Une interconnexion au reste du monde, une dépendance aux producteurs de terres rares : voilà qui balaie quasi immédiatement cette idée de souveraineté dans un monde plus lié que jamais. Un paradoxe que le rapporteur du Giec qualifie d’ailleurs « d’arrogance » et de « péché d’orgueil ».
À ses côtés, Nicolas Soudon fait valoir que « l’Europe fait preuve d’un certain volontarisme politique, avec le green deal ou encore le fonds chaleur : 4 milliards d’euros investis depuis 2009 sur le renouvelable (la chaleur, c’est 45 % de la consommation en énergie, ndlr), remboursés en un an avec la crise de l’énergie liée à la guerre en Ukraine et le coût du gaz. Le système se met en place et, même s’il reste imparfait, il permet de mettre en place la décarbonation », pense le directeur de l’action territoriale de l’Ademe.

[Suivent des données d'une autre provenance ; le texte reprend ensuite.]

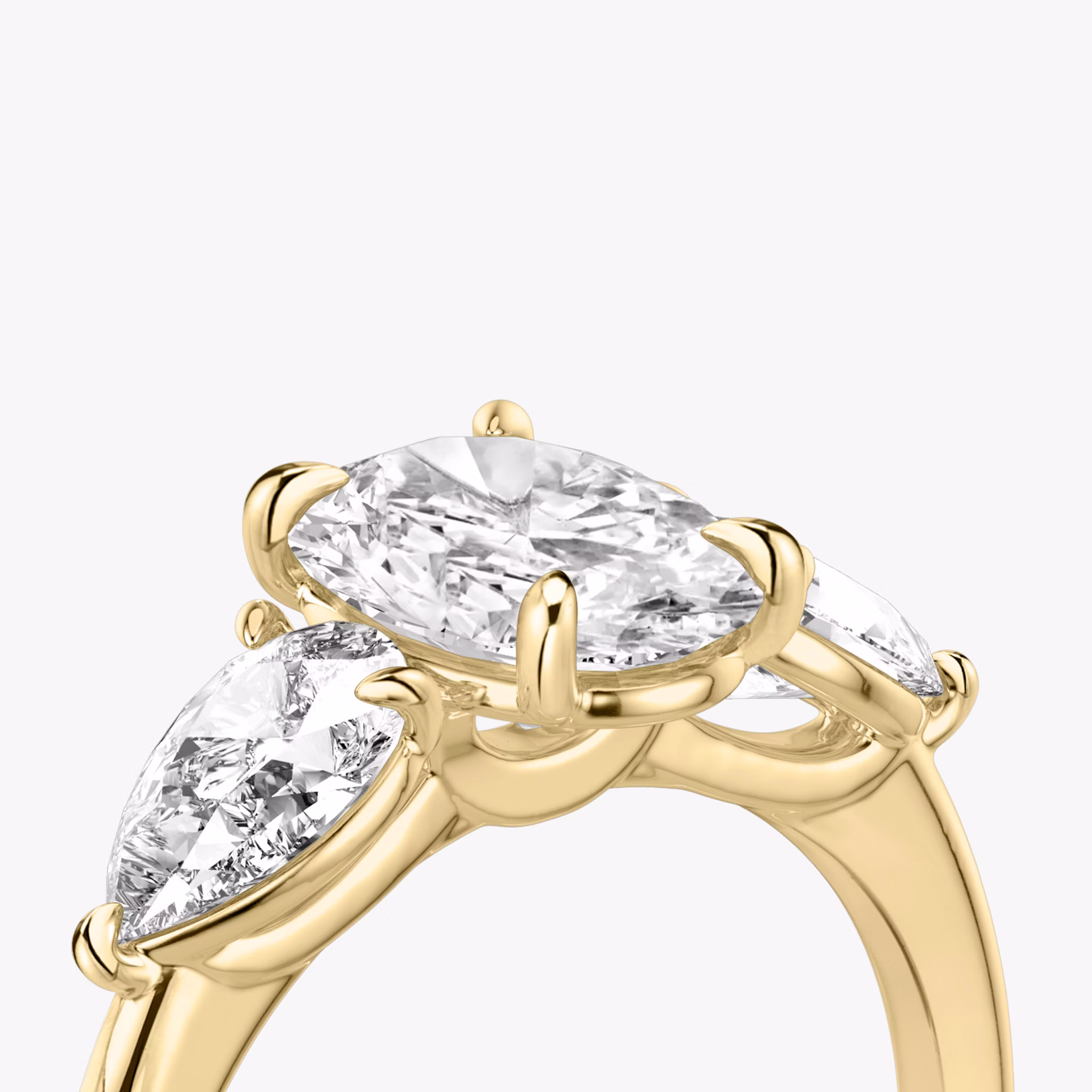 The Three Stone | Oval | 18k | Yellow Gold | bandAccent: Plain | sideStoneCarat: 0.50ct | sideStoneShape: Pear | diamondOrientation: vertical | caratWeight: other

Mais les producteurs d’équipements dédiés à l’énergie renouvelable comme les terres rares ne sont pas européens, ou si peu. La Chine et ses fabriques d’éoliennes, de batteries électriques, de panneaux solaires… « Et l’Europe, qui a souffert du raz-de-marée chinois, au lieu d’y réagir a choisi de réagir à la réaction américaine. C’est triste et c’est problématique », estime Thibaud Voita qui appelle à « une meilleure anticipation : il faut que l’Europe se mette d’accord sur une stratégie de soutien et sur une plus grande flexibilité en termes de règles budgétaires européennes ».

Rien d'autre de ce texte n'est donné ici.